Stryder had been hiding for so long that he couldn’t bring himself to admit it to her. “Release me.”

To his relief, she did. “‘They travel through the night on the wings of heavenly stallions bringing hope and new faith to those left behind. Even though they are free, they never forget their past and spend their lives trying to bring peace to others.’”

He frowned at her words. “What is that you quote?”

“One of the chansons that is written about the Brotherhood.” She held the note out to Stryder. “This was on the ground just outside of Cyril’s tent. I find it hard to believe that he was a member of your Brotherhood, but you…”

Stryder stared at the paper. He could read none of it, but he could see the bloody symbol. It was the same as the one on his hand. “What does this say?”

“Can you not read Arabic?”

“I can’t read anything, Rowena.”

He expected to see condemnation from her for his “uneducated” status. Instead, she merely nodded and then read the note for him.

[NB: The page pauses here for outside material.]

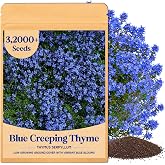 32000+ Blue Creeping Thyme Seeds for Planting, Thymus Serpyllum | Perennial Walkable Ground Cover Flower Seeds for Garden Paths, Stepping Stones, Rock Gardens &amp; Lawn Alternative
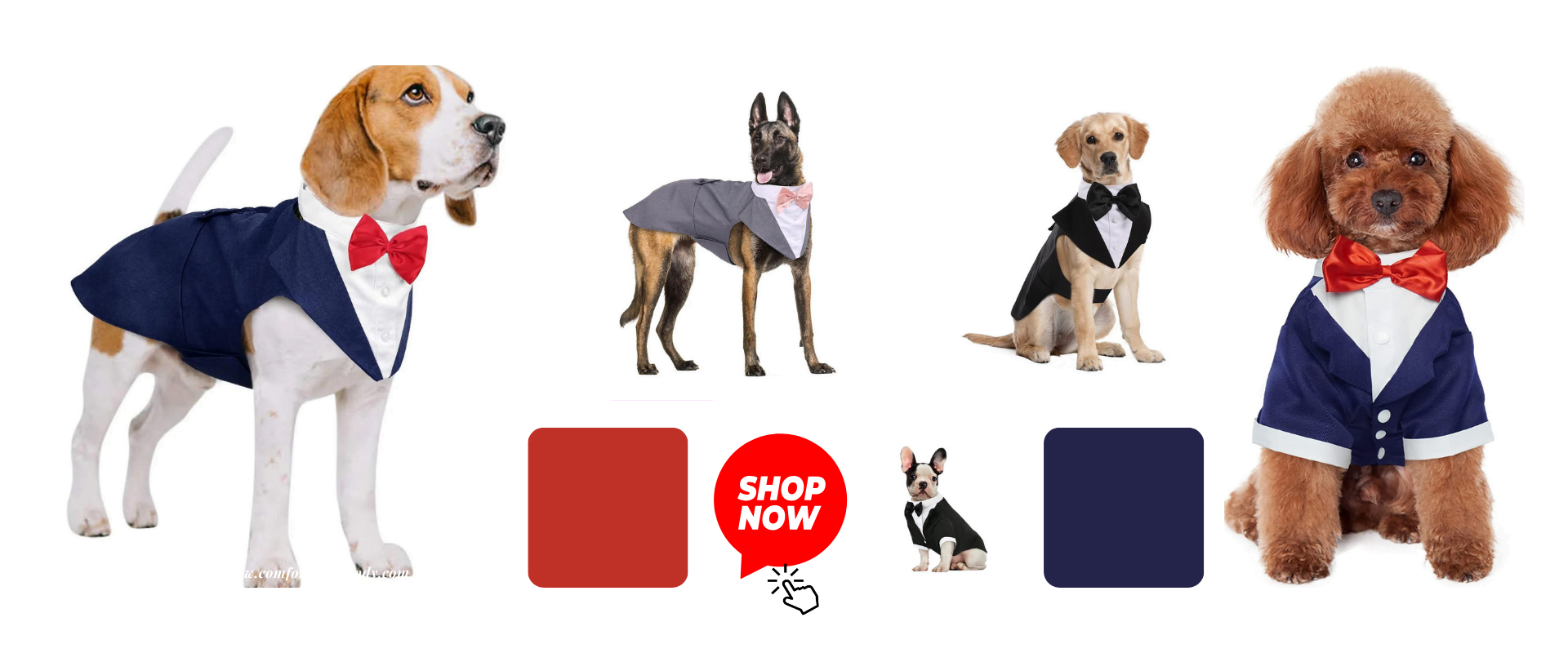 Unique Review of Premium Pet Apparel and Accessories You Need Now!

Stryder’s gaze darkened. “Are you sure this came from his tent?”

“Aye. It looked as if it had been blown free of wherever it had been placed.” Her brow puckered. “What does the person mean that not everyone survived or went home?”

Stryder stood there, his soul screaming out at the letter and what it signified. Could one of their own
have killed Cyril, or was this a Saracen playing havoc with them?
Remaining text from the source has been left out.